*** Supplied records ***
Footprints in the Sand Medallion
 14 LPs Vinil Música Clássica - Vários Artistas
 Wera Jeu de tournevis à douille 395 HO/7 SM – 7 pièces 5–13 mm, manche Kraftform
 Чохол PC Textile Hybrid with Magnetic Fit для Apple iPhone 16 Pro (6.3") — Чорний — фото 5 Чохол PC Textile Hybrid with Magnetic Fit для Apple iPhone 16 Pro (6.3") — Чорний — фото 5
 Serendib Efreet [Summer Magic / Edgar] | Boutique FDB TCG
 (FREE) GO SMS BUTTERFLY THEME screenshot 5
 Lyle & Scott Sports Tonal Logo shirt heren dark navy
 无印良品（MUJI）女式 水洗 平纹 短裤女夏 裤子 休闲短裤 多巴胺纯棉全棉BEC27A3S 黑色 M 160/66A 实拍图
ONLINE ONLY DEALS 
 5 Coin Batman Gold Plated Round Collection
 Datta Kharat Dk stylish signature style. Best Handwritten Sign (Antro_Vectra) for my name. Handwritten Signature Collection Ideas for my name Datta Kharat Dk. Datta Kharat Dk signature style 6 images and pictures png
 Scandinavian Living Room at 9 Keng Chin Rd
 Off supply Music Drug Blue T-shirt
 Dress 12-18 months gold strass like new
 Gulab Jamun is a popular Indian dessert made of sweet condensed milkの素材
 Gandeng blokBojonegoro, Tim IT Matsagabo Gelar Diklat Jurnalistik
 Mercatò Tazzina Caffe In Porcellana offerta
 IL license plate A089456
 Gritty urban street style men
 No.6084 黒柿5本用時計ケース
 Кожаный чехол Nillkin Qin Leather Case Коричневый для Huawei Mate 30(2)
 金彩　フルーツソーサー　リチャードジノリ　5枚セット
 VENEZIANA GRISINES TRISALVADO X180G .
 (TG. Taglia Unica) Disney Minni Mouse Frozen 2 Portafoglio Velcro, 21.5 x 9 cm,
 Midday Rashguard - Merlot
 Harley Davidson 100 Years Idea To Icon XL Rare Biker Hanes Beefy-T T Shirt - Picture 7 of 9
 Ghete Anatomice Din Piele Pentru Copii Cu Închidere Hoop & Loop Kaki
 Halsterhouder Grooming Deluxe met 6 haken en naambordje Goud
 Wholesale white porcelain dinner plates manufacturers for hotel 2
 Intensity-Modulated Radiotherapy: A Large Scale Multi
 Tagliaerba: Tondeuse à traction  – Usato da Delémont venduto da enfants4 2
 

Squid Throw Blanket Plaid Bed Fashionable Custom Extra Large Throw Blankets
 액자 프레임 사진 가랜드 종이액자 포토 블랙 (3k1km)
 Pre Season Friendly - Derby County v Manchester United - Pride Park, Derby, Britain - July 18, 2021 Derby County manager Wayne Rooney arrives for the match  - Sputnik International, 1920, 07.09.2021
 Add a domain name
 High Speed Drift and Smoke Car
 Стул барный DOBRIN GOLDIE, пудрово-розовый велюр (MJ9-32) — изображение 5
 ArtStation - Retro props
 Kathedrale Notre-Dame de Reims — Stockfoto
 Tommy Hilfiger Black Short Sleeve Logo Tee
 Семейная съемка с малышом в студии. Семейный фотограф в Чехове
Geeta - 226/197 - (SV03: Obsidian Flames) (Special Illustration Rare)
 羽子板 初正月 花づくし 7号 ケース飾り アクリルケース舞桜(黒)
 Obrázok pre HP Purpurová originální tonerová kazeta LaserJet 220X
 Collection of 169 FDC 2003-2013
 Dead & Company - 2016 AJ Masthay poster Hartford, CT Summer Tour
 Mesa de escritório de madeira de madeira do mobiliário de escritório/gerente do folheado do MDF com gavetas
***
Exercise:
In the records above, count the lines that contain the word "Logo" and state only that count.

Answer to the exercise:
2